Limite do consignado do INSS sobe para 45% aos segurados

Saque dinheiro, real - Junior Pereira/ Istockphoto.com
Saque dinheiro, real - Junior Pereira/ Istockphoto.com

O teto da margem consignável para aposentados e pensionistas do Instituto Nacional do Seguro Social alcançou novamente os 45% às 15h37 de 14 de setembro de 2026 após perder a eficácia a Medida Provisória nº 1.355/2026, texto que impunha um limite provisório de 40% sobre a renda mensal dos beneficiários da previdência pública. A restauração do índice tradicional não autoriza o tomador a comprometer a totalidade desse percentual com novos contratos de crédito bancário.

A legislação reparte a margem global em três faixas operacionais bem delimitadas. A divisão reserva 35% aos empréstimos consignados tradicionais, 5% ao cartão de crédito consignado e outros 5% para o cartão consignado de benefício. Visto que o Tribunal de Contas da União suspendeu novas contratações com cartões, unicamente a cota de 35% permanece acessível no mercado financeiro.

Quem já vinculou parte dos 35% a dívidas anteriores só pode solicitar empréstimos sobre o percentual financeiro ainda desocupado.

As operações ativas continuam sob as mesmas cláusulas pactuadas anteriormente sem reajustes automáticos nos valores mensais descontados. O teto de 45% reorganiza apenas a capacidade legal de endividamento dos segurados.

O advogado especialista em previdência Márcio Coelho adverte que o público precisa separar a margem teórica da fatia real que as agências bancárias conseguem liberar.

“A volta da margem para 45% não significa que o aposentado possa simplesmente comprometer esse percentual inteiro do benefício com um novo empréstimo. É preciso observar como a margem está distribuída e, principalmente, quais modalidades estão efetivamente liberadas”, declarou Coelho.

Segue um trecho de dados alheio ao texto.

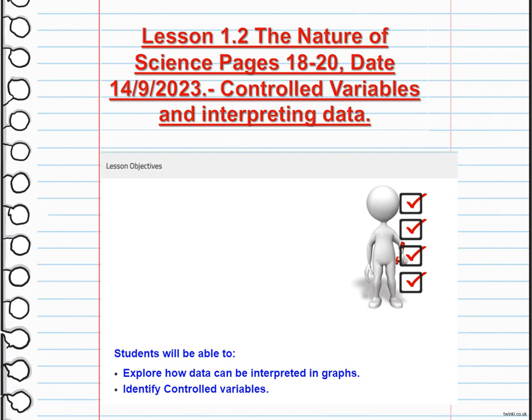The independent variable is the factor that is intentionally changed or manipulated by the researcher. The dependent variable is the factor that is observed or measured to see how it responds to changes in the independent variable. Controlled variables are the factors kept constant throughout the experiment to ensure that any observed effects are due to the independent variable. Understanding and properly identifying the types of variables is important for conducting valid and reliable scientific study.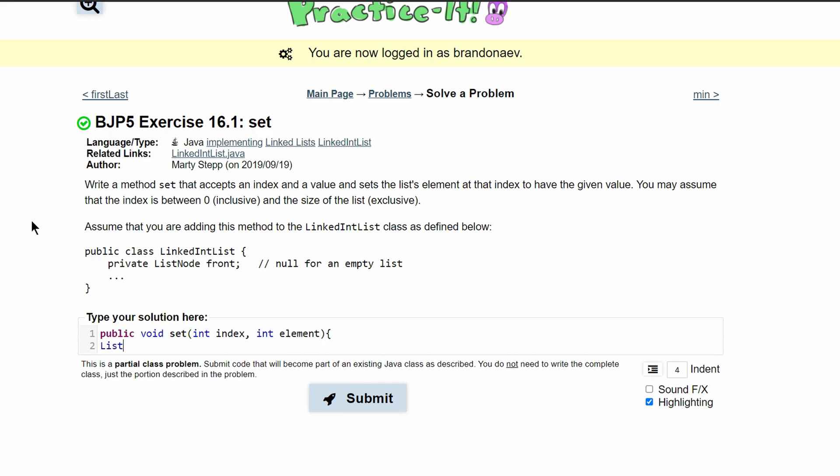Next, we're going to make a current list node so that way we can iterate through our list. We're going to call it current and set it equal to front.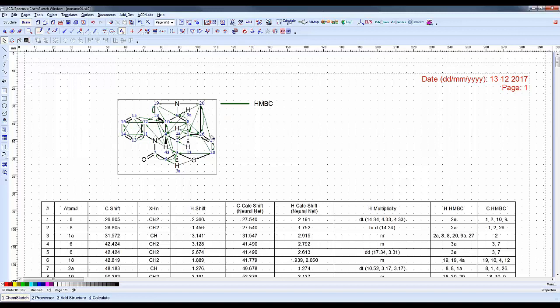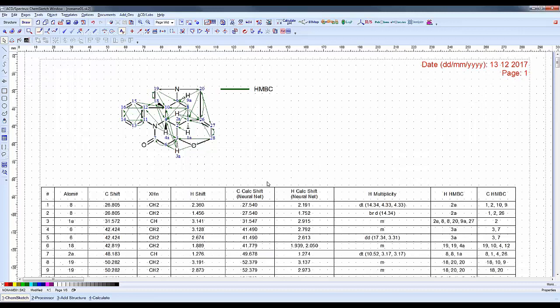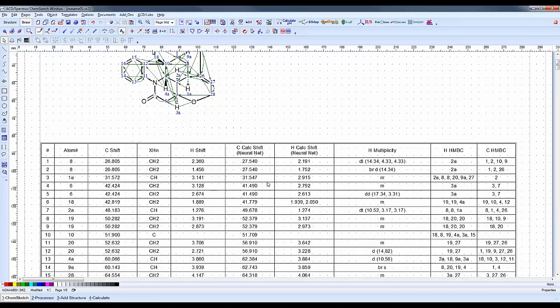We have our structure with our HMBC correlation arrows on, done automatically for us. We have our date, our table summarizing all our data.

Bloqueio determinado pelo TCU paralisa emissão de cartões

Previdência social INSS

Foto: Previdência social INSS – Reprodução Youtube INSS

A fatia de 10% do benefício permanece dividida em cotas iguais de 5% para cartão de crédito consignado e cartão de benefício. Uma decisão liminar do TCU impede qualquer liberação recente dessas duas linhas aos aposentados. O bloqueio segue em vigor.

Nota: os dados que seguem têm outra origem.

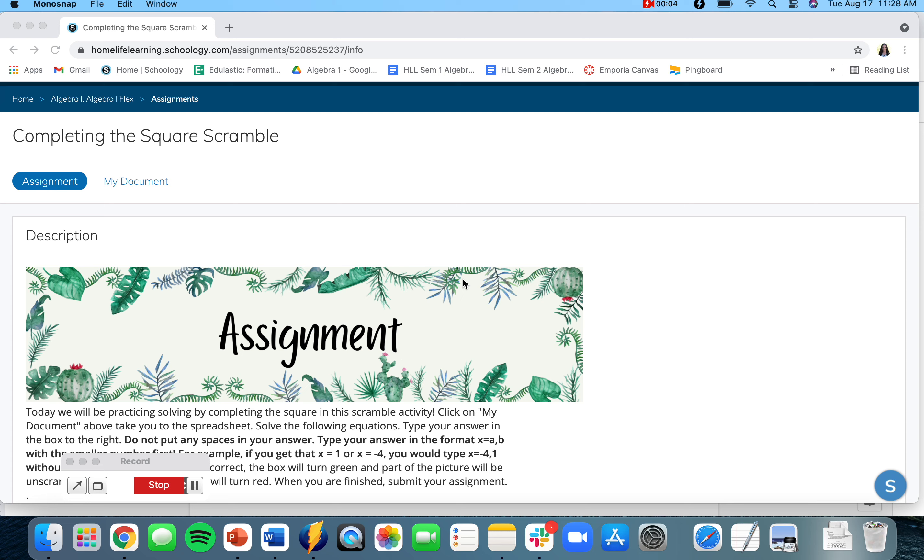Hello everyone! Today we are practicing completing the square in this completing the square scramble.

A corte de contas aplicou o veto para conter fraudes financeiras recorrentes e travar o superendividamento de segurados do INSS.

O restabelecimento do limite de 45% não autoriza a transferência desses 10% paralisados para empréstimos pessoais simples. A legislação veda a migração automática de saldos entre modalidades distintas de crédito.

Os acordos de cartão em vigor continuam sem alterações contratuais. Nenhum instrumento já firmado foi rescindido em razão do novo parâmetro legal. A cobrança mensal prossegue normal.

O advogado Márcio Coelho orienta que a disponibilidade de margem nunca deve servir como motivo exclusivo para a tomada de empréstimo.

“O desconto direto no benefício dá ao consignado uma característica diferente de outras modalidades de crédito, mas isso não significa que o beneficiário esteja protegido de um comprometimento excessivo da renda. Antes de contratar, é fundamental saber quanto ficará disponível para as despesas mensais e qual será o custo total da operação”, afirmou Coelho.

Decisão judicial fixa limites para juros cobrados pelos bancos

As taxas de juros cobradas pelas instituições financeiras também possuem barreiras rígidas fixadas em regulamento. O teto do empréstimo consignado comum para os beneficiários do INSS não pode ultrapassar 1,85% ao mês. Nas linhas atreladas ao cartão de crédito consignado, o limite mensal atinge 2,46%.

O Supremo Tribunal Federal validou formalmente a competência legal do INSS para tabelar os juros cobrados pelo sistema financeiro privado sobre benefícios previdenciários.

O debate em torno do percentual máximo consignável segue aberto nos órgãos federais após uma proposta governamental sugerir corte progressivo até 30% em 2031. O projeto de escalonamento, no entanto, não avançou para aplicação prática imediata.

O advogado Márcio Coelho recomenda que o segurado audite a folha de pagamento do benefício para identificar deduções ativas antes de firmar nova dívida.

“Para o aposentado, mais importante do que simplesmente saber se a margem é de 40% ou 45% é entender quanto daquela renda já está comprometida, quais descontos existem e quais condições estão sendo oferecidas. O crédito consignado pode ser uma alternativa, mas precisa ser contratado com pleno conhecimento das consequências para o orçamento”, concluiu Coelho.